The nexus between government machinery, petty town politics and infiltration of people, ideas and money from sponsors in mainland Pakistan and beyond is also blamed for this state of affair. The Pakistani machinery administering the region as a special territory outside the ambit of the constitution of Pakistan, is also blamed for using infamous subjugation tools of hit and run, divide and rule and ostrich policy, vis-a-vis, fanning sectarian violence and creating a sense of alienation, denying the local people the right to govern their own affairs, and playing one against the other as a political expediancy.
'Actually ‘the mafia’ within the government thrives on such disasters and violence, when there is kind of a police state and all policy decisions are made based on security concerns, based on sectarian lines and through bureaucratic and administrative measures, black money, corruption and favouritism flourish under the carpet and everyone in the chain is beneficiary, both local officials and those appointed by Islamabad’ said a retired police officer.

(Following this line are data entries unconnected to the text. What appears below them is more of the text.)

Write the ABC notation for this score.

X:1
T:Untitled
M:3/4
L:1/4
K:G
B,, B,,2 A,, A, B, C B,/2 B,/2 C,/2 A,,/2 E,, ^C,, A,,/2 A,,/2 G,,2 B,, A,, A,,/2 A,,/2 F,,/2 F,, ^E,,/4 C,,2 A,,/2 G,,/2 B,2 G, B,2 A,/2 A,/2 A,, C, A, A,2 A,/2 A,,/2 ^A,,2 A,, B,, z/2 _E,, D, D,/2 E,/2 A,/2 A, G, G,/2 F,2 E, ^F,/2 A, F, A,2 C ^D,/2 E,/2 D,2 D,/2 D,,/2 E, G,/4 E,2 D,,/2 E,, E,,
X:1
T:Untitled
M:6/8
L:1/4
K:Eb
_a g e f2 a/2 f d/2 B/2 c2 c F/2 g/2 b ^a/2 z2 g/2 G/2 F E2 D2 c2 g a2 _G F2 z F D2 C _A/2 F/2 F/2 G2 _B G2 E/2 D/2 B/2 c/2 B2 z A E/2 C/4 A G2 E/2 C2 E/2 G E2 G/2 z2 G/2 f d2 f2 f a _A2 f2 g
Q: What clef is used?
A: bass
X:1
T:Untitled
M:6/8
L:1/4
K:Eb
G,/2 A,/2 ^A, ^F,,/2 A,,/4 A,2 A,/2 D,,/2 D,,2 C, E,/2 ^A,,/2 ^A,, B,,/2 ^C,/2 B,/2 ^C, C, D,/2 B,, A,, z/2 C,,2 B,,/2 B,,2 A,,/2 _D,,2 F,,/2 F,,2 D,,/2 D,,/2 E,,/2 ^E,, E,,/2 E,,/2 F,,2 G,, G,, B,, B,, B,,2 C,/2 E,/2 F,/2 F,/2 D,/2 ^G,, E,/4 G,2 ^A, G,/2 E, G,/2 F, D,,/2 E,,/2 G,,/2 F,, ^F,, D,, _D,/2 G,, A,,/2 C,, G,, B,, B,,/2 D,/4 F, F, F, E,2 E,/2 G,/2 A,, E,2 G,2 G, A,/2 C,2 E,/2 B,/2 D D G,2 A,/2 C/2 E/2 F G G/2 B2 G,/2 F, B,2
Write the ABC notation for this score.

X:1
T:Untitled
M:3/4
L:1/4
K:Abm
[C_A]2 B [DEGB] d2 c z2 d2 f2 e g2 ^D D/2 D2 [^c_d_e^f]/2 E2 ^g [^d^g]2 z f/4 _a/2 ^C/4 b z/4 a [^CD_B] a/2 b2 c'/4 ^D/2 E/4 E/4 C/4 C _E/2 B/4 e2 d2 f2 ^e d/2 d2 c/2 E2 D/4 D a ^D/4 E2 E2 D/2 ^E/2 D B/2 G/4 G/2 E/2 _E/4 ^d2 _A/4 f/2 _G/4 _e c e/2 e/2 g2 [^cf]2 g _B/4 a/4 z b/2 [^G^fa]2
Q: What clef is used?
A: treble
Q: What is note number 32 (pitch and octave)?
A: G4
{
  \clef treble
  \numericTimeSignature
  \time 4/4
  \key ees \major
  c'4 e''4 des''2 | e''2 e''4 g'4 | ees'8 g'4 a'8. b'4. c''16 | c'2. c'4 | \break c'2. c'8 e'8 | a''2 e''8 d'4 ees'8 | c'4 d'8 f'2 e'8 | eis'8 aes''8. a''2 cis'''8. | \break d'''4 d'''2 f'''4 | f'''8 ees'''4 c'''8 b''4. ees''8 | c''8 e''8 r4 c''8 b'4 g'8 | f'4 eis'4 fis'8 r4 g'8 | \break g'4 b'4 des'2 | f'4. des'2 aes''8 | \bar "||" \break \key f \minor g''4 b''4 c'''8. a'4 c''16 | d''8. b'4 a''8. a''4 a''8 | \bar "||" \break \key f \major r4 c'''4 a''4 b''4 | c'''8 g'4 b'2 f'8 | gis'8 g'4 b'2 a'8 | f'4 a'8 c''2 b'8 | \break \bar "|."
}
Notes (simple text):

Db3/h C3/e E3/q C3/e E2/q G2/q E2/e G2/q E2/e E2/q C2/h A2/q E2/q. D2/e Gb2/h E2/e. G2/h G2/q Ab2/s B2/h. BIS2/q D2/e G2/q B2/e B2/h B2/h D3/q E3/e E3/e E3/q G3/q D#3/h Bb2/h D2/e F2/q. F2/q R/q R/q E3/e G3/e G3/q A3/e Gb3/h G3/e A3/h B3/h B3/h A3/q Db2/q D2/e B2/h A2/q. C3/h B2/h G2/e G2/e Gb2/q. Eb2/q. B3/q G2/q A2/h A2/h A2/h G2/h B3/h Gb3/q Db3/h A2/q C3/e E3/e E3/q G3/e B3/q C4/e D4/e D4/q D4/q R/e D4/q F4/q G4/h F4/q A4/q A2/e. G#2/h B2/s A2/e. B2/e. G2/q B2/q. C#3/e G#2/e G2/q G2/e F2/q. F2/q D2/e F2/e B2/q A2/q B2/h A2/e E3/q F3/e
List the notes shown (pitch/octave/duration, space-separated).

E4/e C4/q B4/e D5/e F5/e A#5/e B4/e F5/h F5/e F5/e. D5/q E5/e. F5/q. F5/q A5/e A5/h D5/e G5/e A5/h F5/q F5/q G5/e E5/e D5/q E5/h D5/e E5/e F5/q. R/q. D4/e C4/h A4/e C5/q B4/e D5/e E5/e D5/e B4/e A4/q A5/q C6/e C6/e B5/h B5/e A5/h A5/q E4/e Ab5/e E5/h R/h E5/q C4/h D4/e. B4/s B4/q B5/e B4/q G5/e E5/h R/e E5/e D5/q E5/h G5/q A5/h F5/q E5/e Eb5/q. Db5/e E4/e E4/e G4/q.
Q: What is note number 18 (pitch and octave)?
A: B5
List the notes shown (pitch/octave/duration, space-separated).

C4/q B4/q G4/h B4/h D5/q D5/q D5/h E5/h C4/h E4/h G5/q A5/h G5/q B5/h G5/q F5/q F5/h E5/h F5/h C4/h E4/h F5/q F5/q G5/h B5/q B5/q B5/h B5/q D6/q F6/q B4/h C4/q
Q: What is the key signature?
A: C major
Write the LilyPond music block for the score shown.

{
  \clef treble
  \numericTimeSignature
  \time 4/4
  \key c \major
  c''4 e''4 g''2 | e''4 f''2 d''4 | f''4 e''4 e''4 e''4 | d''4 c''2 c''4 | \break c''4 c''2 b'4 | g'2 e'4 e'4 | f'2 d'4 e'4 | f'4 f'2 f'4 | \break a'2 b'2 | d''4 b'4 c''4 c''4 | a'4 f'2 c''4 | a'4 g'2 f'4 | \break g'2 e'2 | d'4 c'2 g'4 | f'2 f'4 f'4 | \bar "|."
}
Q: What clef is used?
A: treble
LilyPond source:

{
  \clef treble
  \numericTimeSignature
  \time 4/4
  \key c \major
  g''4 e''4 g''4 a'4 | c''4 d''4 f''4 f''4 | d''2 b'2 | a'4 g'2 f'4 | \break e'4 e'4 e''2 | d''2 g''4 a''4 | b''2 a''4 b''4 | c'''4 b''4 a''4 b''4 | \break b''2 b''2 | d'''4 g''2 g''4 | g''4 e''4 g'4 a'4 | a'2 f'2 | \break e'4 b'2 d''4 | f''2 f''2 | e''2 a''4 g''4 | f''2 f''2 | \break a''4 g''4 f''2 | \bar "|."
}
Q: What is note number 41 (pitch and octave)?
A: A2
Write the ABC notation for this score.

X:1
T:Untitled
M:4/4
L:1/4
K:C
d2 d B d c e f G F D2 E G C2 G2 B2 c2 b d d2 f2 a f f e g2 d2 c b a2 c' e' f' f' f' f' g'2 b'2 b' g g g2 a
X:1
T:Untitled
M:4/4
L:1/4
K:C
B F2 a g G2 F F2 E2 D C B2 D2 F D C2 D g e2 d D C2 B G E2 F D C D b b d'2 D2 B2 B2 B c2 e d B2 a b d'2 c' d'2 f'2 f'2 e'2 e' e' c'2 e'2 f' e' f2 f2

‘This is Mutually Assured Destruction (MAD), and a lose-lose game. Nobody is going to win; the government machinery, the two warring sides, and those neutral in this game of madness, all are the losers’. Said a businessman, who ran for his life to escape the cross-firing, walking through streets to reach his home in five hours, which he normally covers in 20 minutes.
'Conflicts bereave conflict' said an Assistant Professor at the University. 'It costs enormously! You name it; it costs lives, it costs the economy, it ruins the education and future of our children, it hampers development targets and goals, it creates social problems, unemployment and a bad image for the peace loving people to the outside world and poor marketing of our beautiful paradise on earth. It creates psychological issues, blurs our vision, blackens our future, infact destroys our world and the hereafter' he added in a lecturing mode.
'Peace and reconciliation is the only way forward', he further added after a pause.
Accepting each other and accommodating each others views are the only means we will reach peace. The promise of pluralism is challenging but the process and outcome is just,liberating and empowering leading to a win-win situation for all.
However the billion dollar question is who will bell the cat? A neutral mediator is very much the need of the time.Can we find one? Can we agree on a neutral mediation? What should be the process and framework? Who should lead this?
CDMs-Confidence building measures, are required as a first step to over come our own fears, insecurities and mistrusts first, and then critically analysing the overt and covert roles of the various security agencies and the government machinery in calming the situation and arguably fanning such hatreds through deepening marginalization, vested designs and through bad governance, corruption and inefficiency.
Engaging the youth, especially the urban youth, women and children at the grassroots levels in peace and reconciliation is essential in the long-term to create a culture of dialogue, democracy and positive encounter.
Creating a sense of political, social and economic participation in the governance of the affairs of government at various levels in equitable and transparent manner, especially reaching out to the under-served communities and those marginalized in urban pockets, is another step.
Finally, ring fencing and reaching out directly to those whose families were lost during these years of sectarian violence, soothing their families and engaging the disgruntled youth on both sides and creating conditions and enabling environment for them to reintegrate in the society, is crucial to initiating a new social contract between mountain communities in Gilgit-Baltistan.
Let’s start a new chapter.
Rather then getting MAD, let’s focus on MAB- Mutually Assured Benefits and win-win solutions.